[EXERCISE DESCRIPTION]: Leave the pictures out. Return the rest of the listing below exactly.

---------- PROVIDED DATA

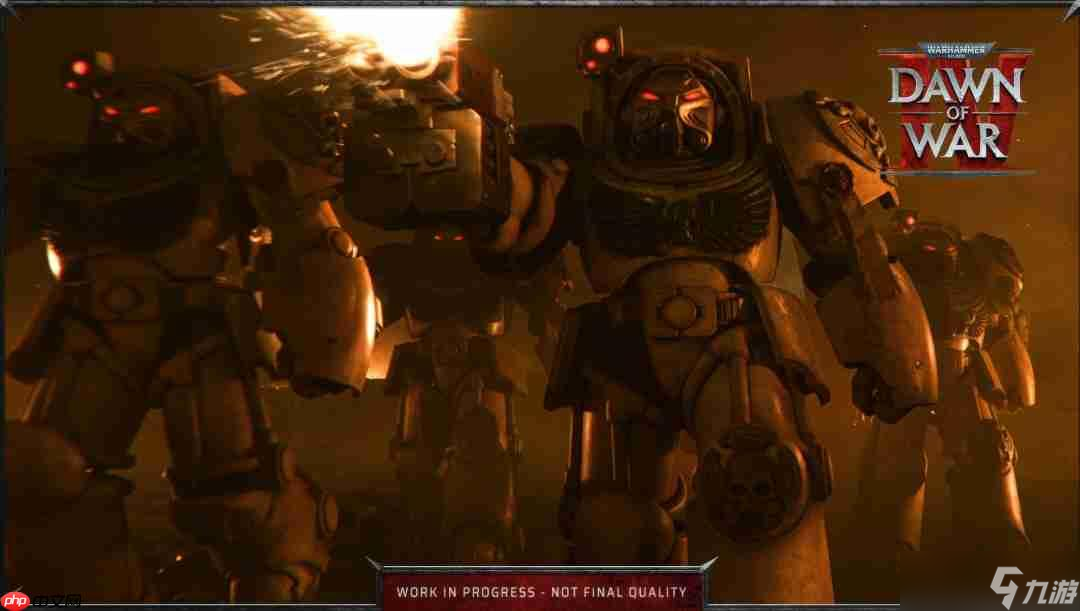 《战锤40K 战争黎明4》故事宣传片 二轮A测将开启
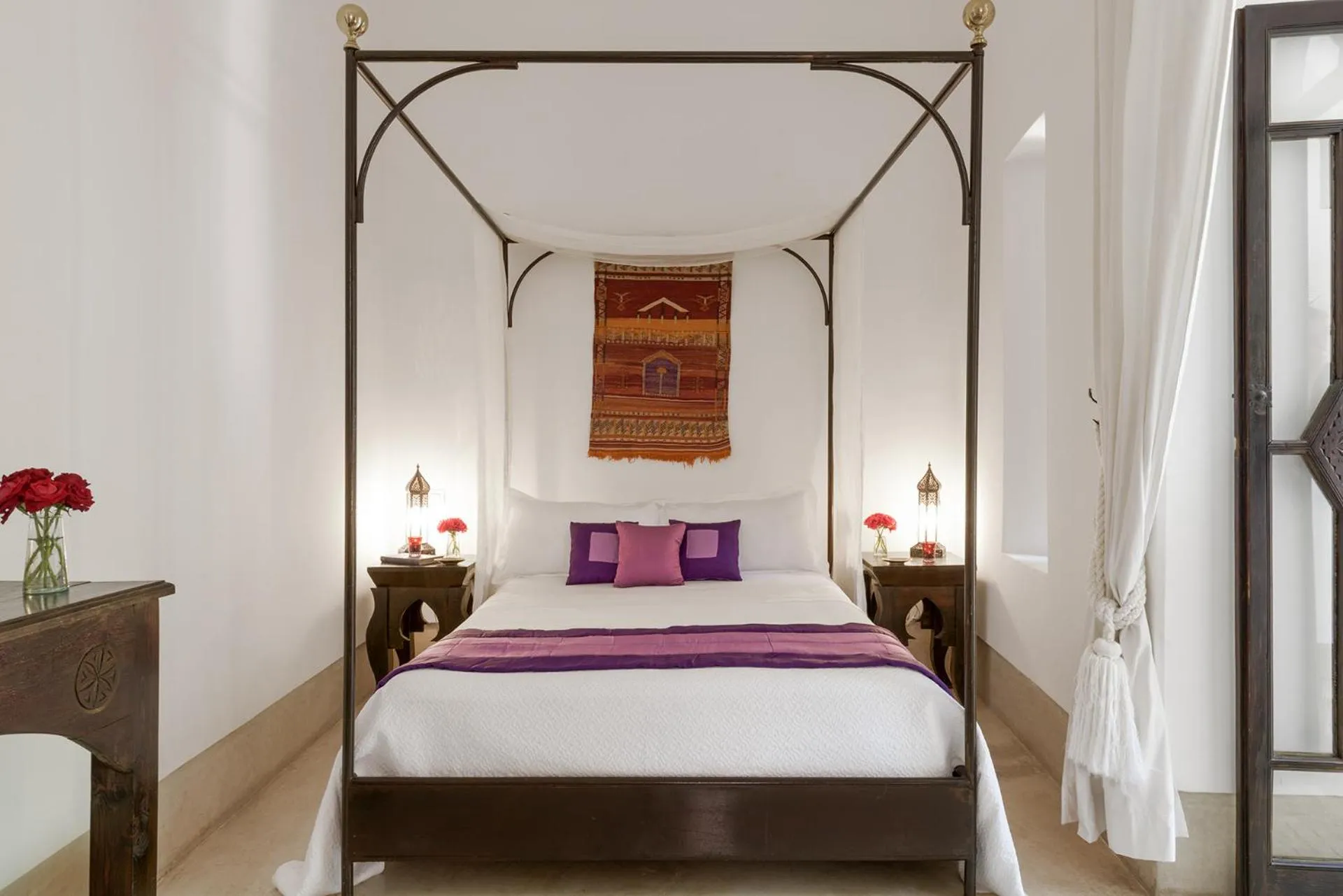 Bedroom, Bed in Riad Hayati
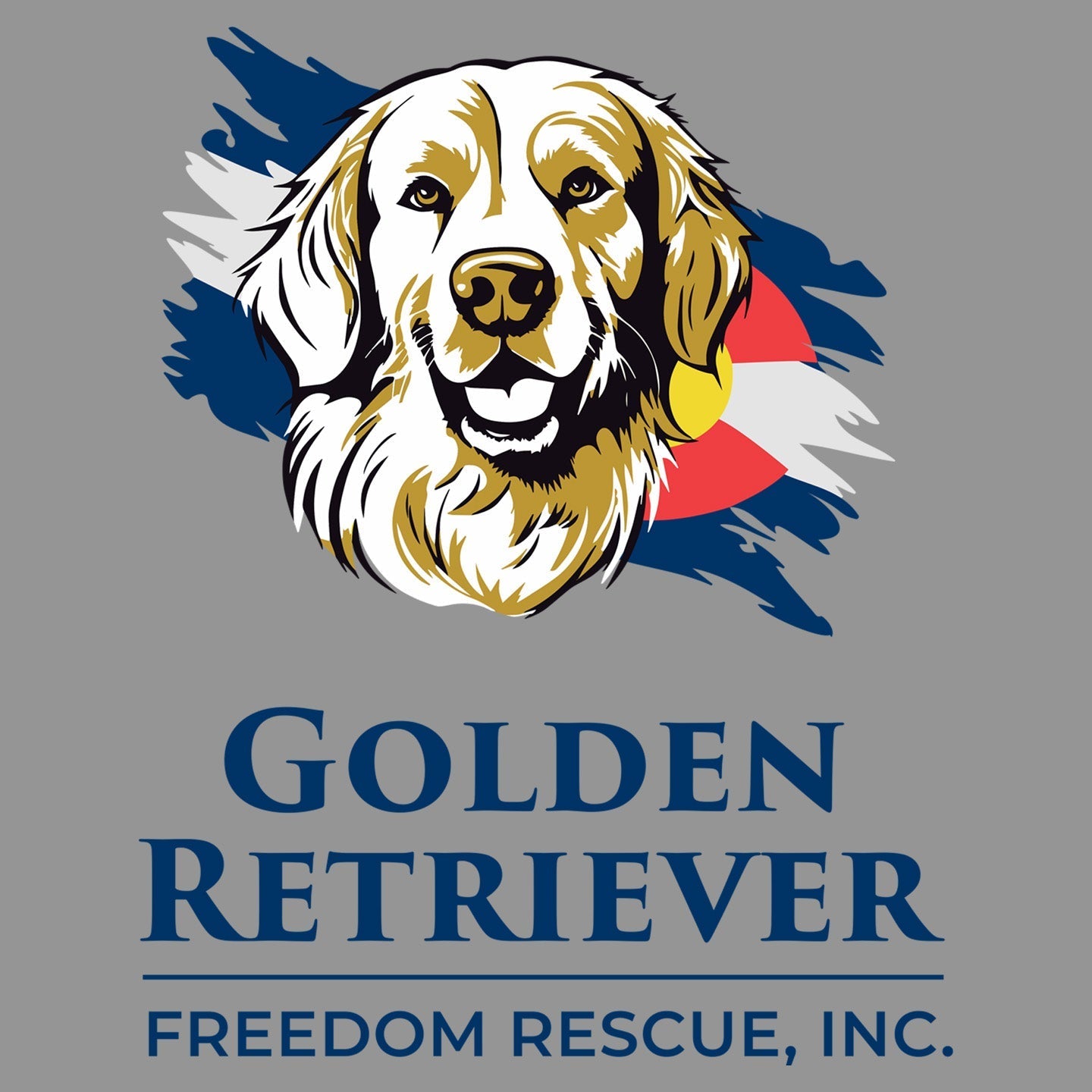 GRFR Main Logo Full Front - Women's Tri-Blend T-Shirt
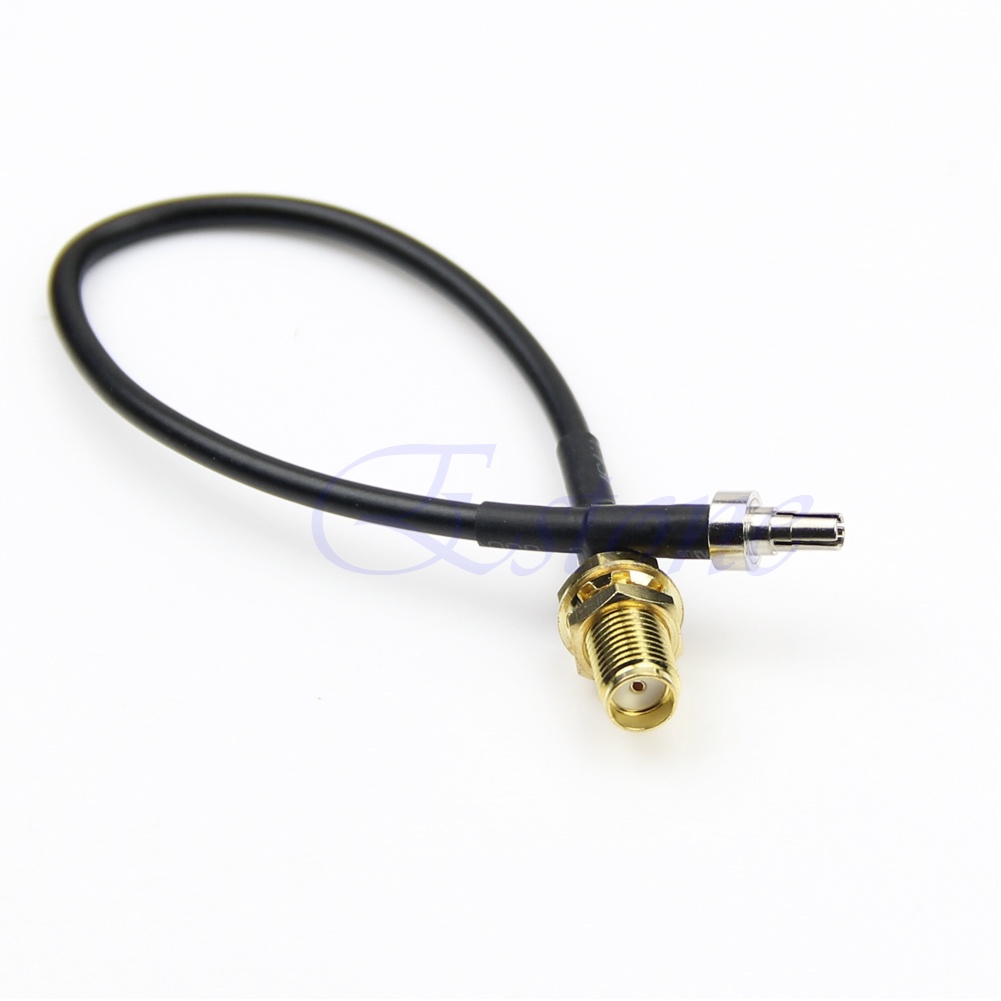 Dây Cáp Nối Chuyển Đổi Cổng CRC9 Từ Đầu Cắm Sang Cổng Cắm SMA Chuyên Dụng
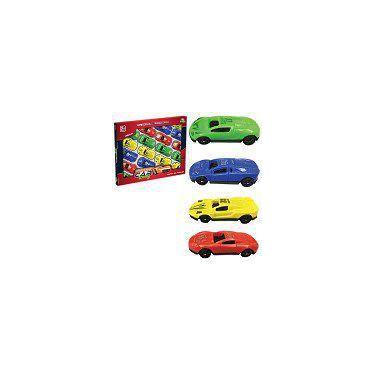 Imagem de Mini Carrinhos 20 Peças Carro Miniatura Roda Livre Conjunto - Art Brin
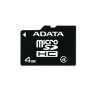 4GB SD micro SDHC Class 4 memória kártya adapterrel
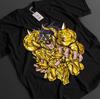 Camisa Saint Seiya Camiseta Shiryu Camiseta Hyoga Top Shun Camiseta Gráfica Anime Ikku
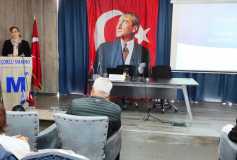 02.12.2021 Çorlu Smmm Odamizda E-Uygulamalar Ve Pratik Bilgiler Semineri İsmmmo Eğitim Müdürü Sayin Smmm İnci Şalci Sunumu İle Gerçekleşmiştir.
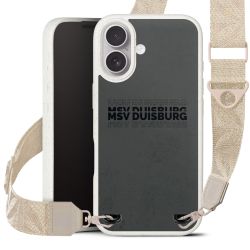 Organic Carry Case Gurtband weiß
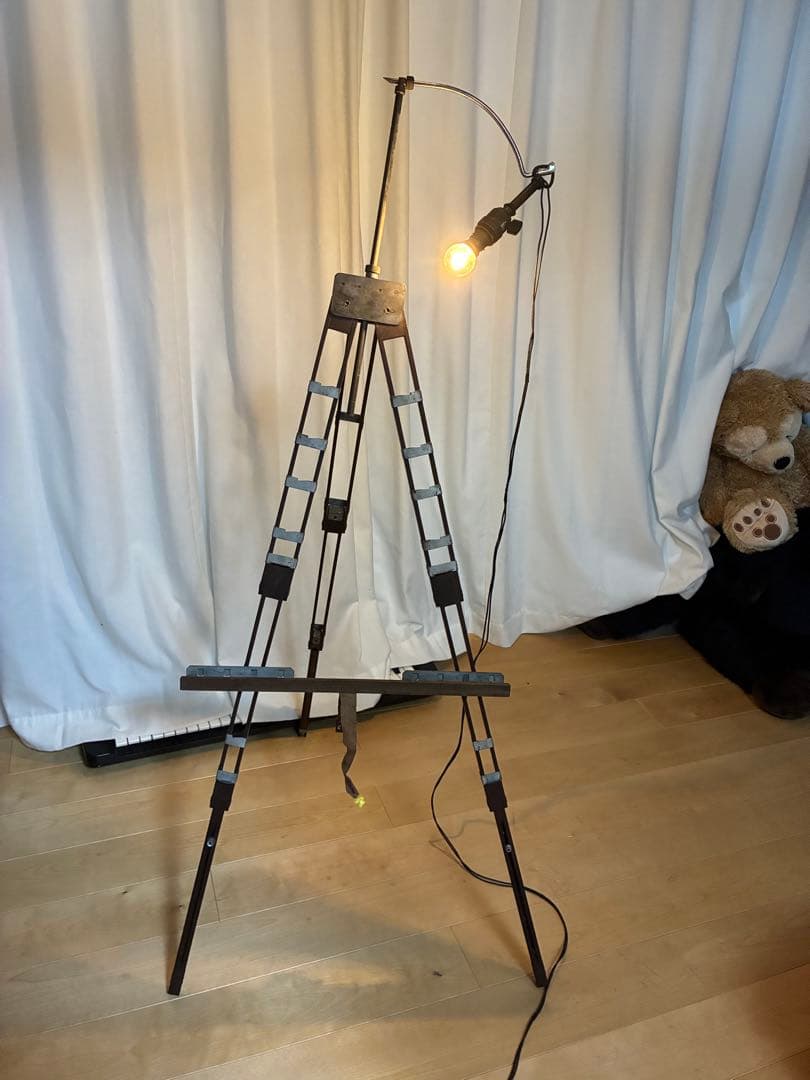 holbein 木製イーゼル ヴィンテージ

--------------------

[OUTPUT OF THE EXERCISE]:
 《战锤40K 战争黎明4》故事宣传片 二轮A测将开启
 Bedroom, Bed in Riad Hayati
 GRFR Main Logo Full Front - Women's Tri-Blend T-Shirt
 Dây Cáp Nối Chuyển Đổi Cổng CRC9 Từ Đầu Cắm Sang Cổng Cắm SMA Chuyên Dụng
 Imagem de Mini Carrinhos 20 Peças Carro Miniatura Roda Livre Conjunto - Art Brin
 4GB SD micro SDHC Class 4 memória kártya adapterrel
 Camisa Saint Seiya Camiseta Shiryu Camiseta Hyoga Top Shun Camiseta Gráfica Anime Ikku
 02.12.2021 Çorlu Smmm Odamizda E-Uygulamalar Ve Pratik Bilgiler Semineri İsmmmo Eğitim Müdürü Sayin Smmm İnci Şalci Sunumu İle Gerçekleşmiştir.
 Organic Carry Case Gurtband weiß
 holbein 木製イーゼル ヴィンテージ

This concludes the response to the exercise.